▶ [DATA]:
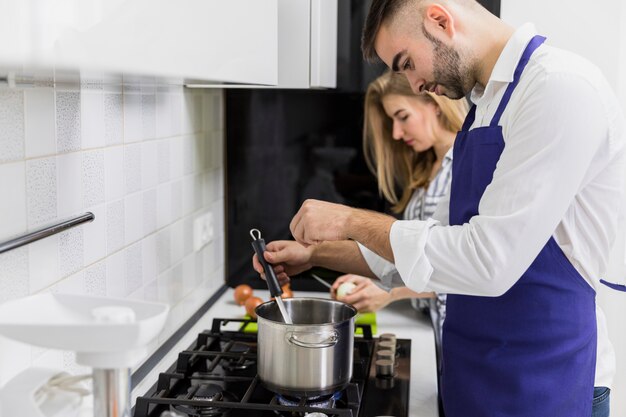 Young man salting water in pot near woman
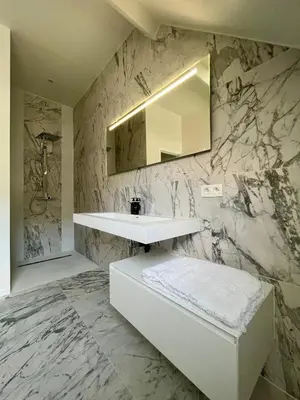 a bathroom with a white sink and a marble wall at Stilias Apartment 6P City Center in Brussels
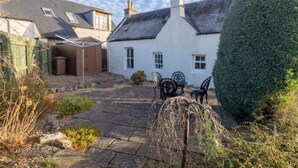 A white house with a grey roof, a wooden fence, and a stone patio with outdoor furniture. - Old Lodge by Interhome (Inverness)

▶ [ACTIVITY]:
Pictures stay out of this copy. Retype exactly the lines from the one with "a bathroom with" through the last line of the data, both ends included, and nothing more.

▶ [SOLUTION TO THE EXERCISE]:
 a bathroom with a white sink and a marble wall at Stilias Apartment 6P City Center in Brussels
 A white house with a grey roof, a wooden fence, and a stone patio with outdoor furniture. - Old Lodge by Interhome (Inverness)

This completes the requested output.